Clinton has taken heat from pundits and left-wing activists not only for criticizing Bernie, but for purportedly further dividing the party in doing so. They’re not necessarily wrong about this — the great Hillary vs. Bernie war of 2016 has had lasting impact on the party, both for better and for worse. And especially at a time when the party has become increasingly vulnerable — and at a time when its unity is needed more than ever before — her sharp criticism runs the risk of furthering this divide.
Nevertheless, this criticism is valid. Sanders has divided the party, and many of his supporters do espouse sexism, which only worsens when they ignore legitimate criticisms from feminists — or, worse, lash out with sexist attacks to deflect from accusations of sexism.
But Sanders did not divide the party merely by running, and Democrats should be thankful that he did run. Rather, he’s divided the party on whether or not identity-based oppression is worthy of being addressed, about whether or not abortion and LGBTQ rights are worth fighting for or should be conceded to win elections and elect economic progressives.
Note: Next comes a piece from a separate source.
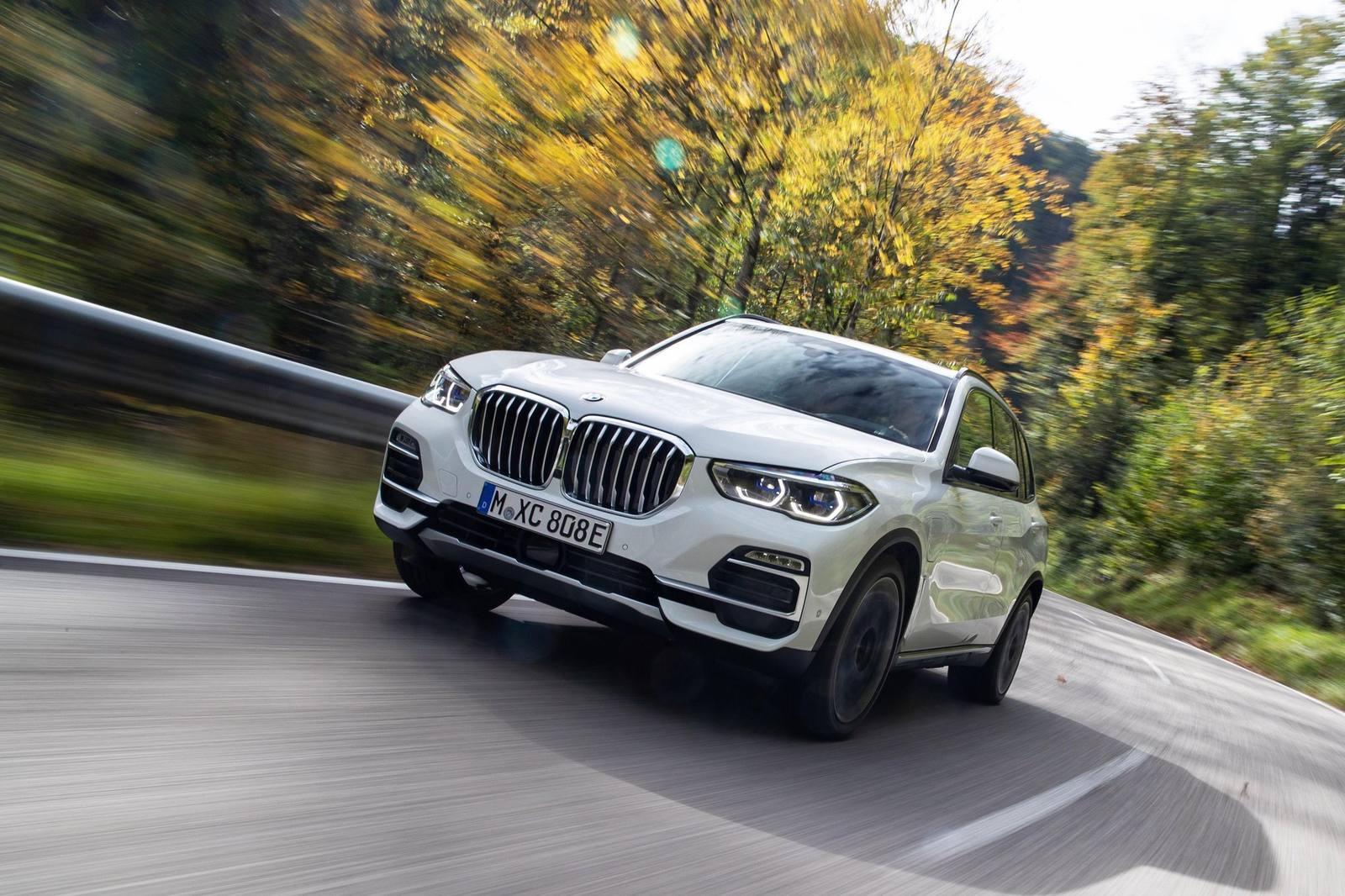 xDrive45e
Sanders’ idea that the economy and an allegedly, inherently evil “political establishment” are the only things worth talking about, and everything else is a “distraction” from the “establishment” — essentially the argument Sanders made when Planned Parenthood endorsed Clinton in 2016 — has instilled a hostility to discussion of identity and women’s rights in his supporters. His rhetoric has sent the message that once socialism comes to America, all the other problems like sexual and racial discrimination will magically cease to exist, and as a result, his supporters have been led to believe that what they call “identity politics” is a smokescreen to distract from “real issues” — and, to clarify, in their eyes, women’s issues are not real issues.
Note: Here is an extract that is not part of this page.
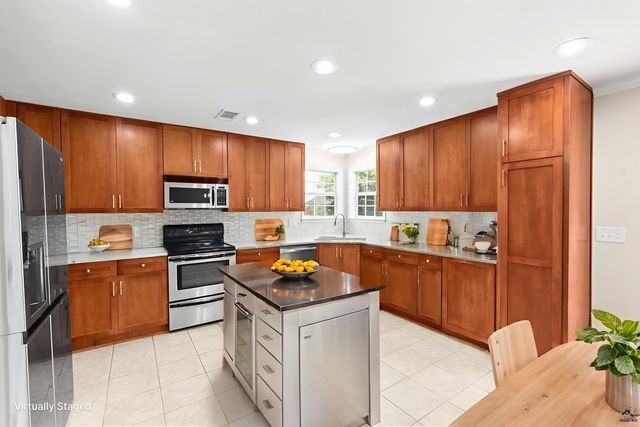 109 Oldfield Court, Centerville, GA 31028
Speaking of which, Clinton is right about another thing — sexism in Bernieland is a problem, and a serious one, at that. And it doesn’t just exist in the well-documented trolling and vitriolic, gender-based comments his supporters make toward female Clinton supporters on social media.
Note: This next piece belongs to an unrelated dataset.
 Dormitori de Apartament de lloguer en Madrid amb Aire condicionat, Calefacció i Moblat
There’s a far more subtle but equally damaging sexism in Sanders supporters who hide behind their passive, action-less “pro-choice” stances in response to being confronted on their sexism, but simultaneously shrug off abortion rights and family planning resources as unimportant issues relative to the economy. The United States has the highest maternal mortality rates in the industrialized world, and with more and more success, lawmakers in states across the country are winning political battles to force women to give birth.
To real-life women, this isn’t a matter of identity politics — it’s their livelihood. You’d have to have never experienced identity-based oppression in your life to be able to call this a matter of “identity politics” rather than what it is — a national crisis around women’s rights that requires as much attention as pushes for universal health care. But regardless, without listening to women’s voices and grievances, many of Bernie’s supporters swiftly treat those who have the audacity to call attention to this issue to lofty, unsolicited lectures on the economy.
Bernie’s campaign brought the best and worst out of the Democratic party. Now, we have to move forward — but not without first understanding precisely what happened.
This is an opinion piece. The views expressed in this article are those of just the author.